Exercise requirements - With the pictures left aside, write out exactly the lines of the listing below from the line with "Fused Badge badge" to the line with "Hello Summer Graphic Black T-Shirt", both included, and only those.
START Data
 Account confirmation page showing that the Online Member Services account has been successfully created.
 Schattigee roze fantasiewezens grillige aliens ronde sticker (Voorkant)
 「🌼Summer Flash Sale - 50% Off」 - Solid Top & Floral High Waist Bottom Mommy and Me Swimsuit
END Data
START Data
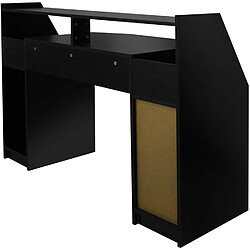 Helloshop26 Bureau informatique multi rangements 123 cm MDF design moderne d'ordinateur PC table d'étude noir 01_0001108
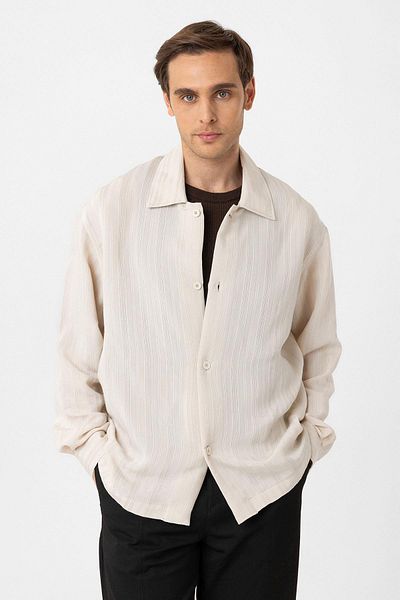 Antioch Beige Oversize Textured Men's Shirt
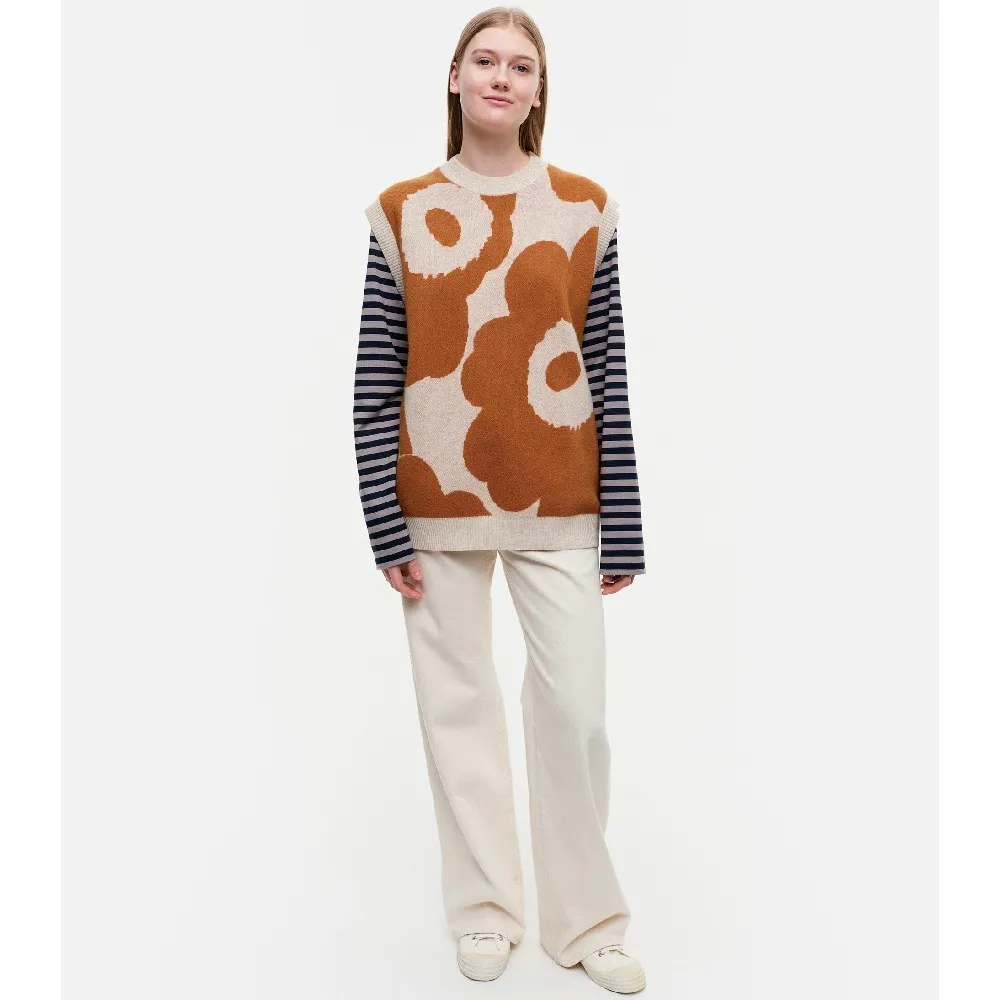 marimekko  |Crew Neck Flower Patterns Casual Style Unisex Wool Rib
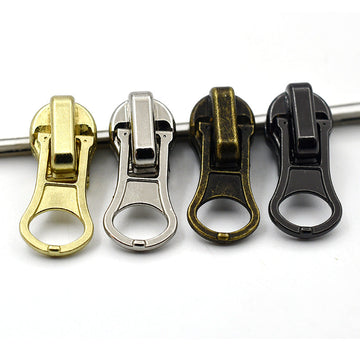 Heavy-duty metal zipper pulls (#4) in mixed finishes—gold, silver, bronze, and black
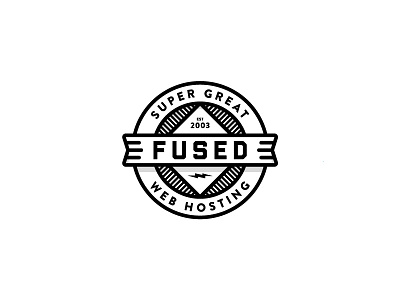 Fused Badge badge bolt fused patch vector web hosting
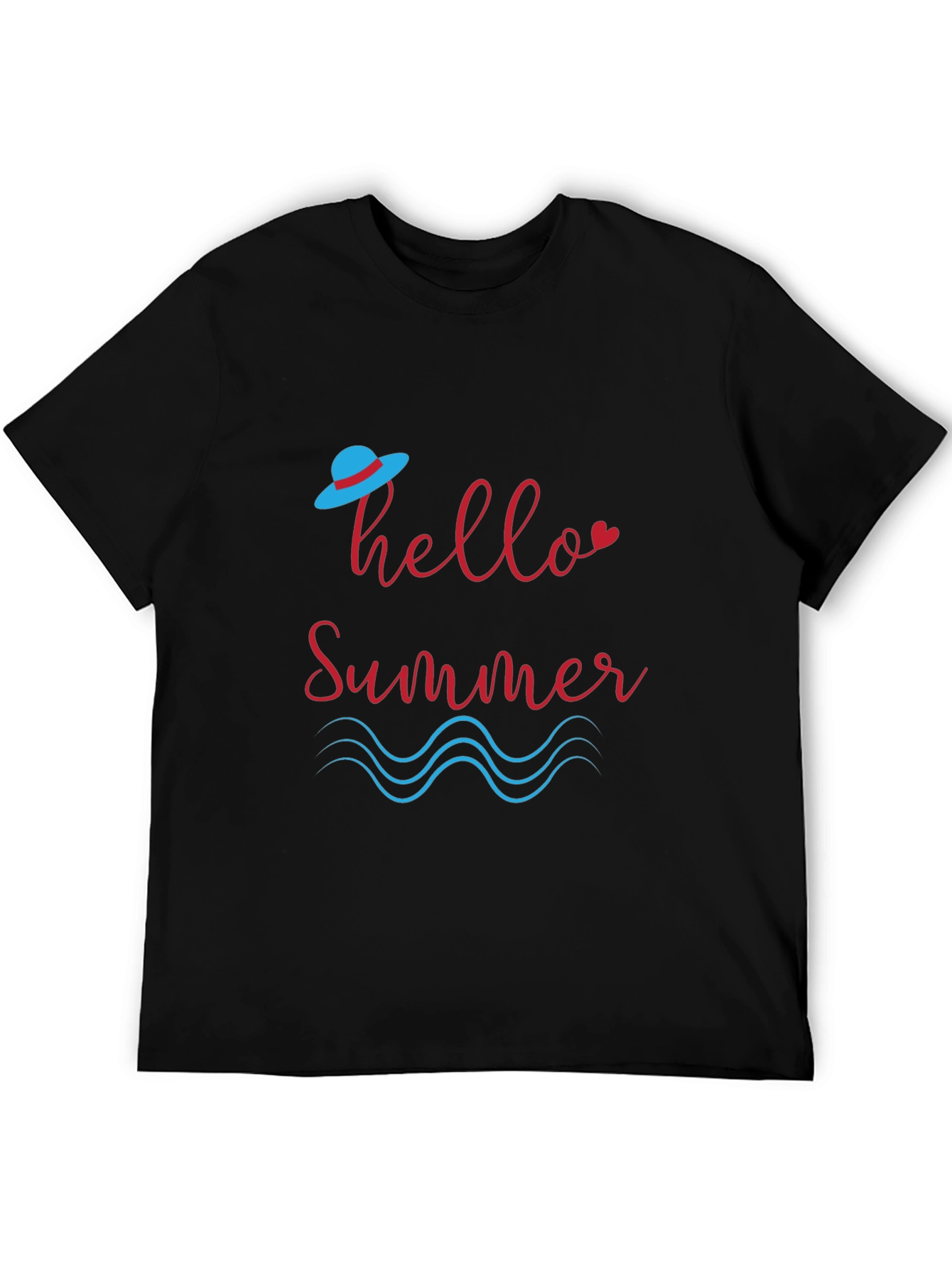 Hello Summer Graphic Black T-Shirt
END Data
START Data
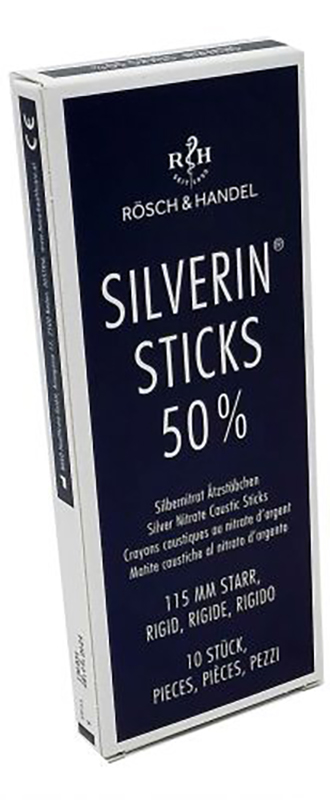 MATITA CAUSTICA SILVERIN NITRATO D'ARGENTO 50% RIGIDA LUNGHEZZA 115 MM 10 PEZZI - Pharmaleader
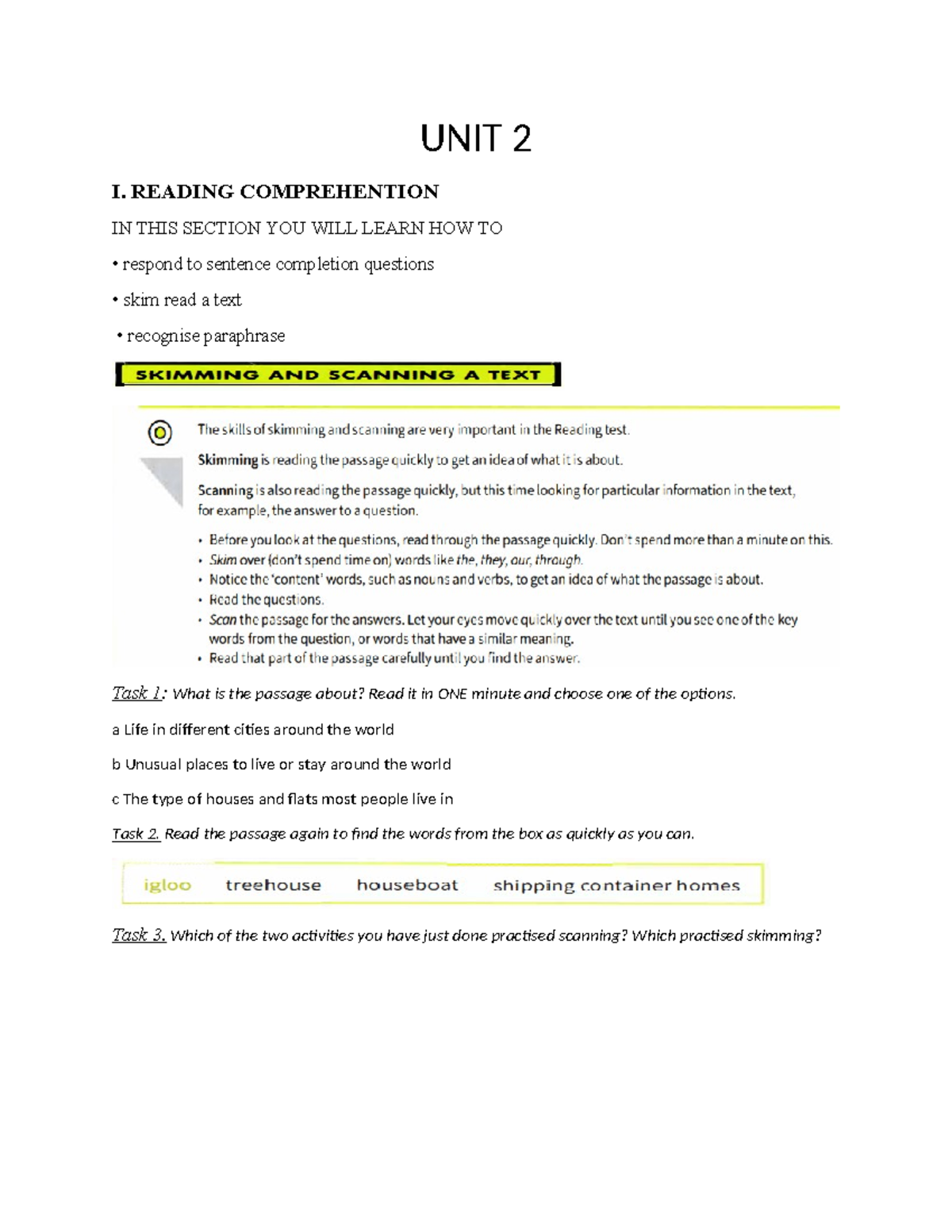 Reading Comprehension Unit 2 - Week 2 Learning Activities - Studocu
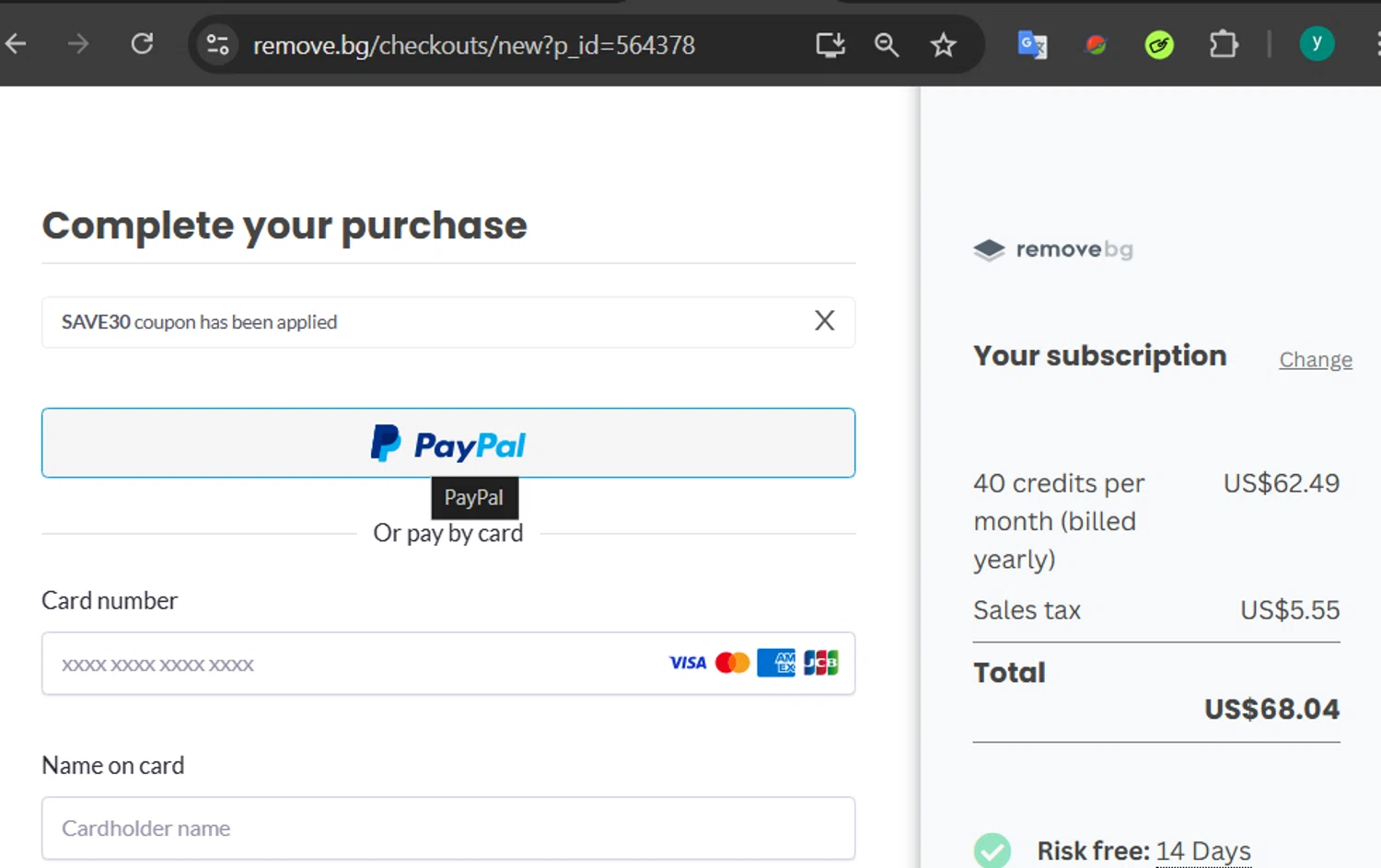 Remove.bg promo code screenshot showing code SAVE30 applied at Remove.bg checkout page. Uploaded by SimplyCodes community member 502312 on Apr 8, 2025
END Data
Task result -
 Fused Badge badge bolt fused patch vector web hosting
 Hello Summer Graphic Black T-Shirt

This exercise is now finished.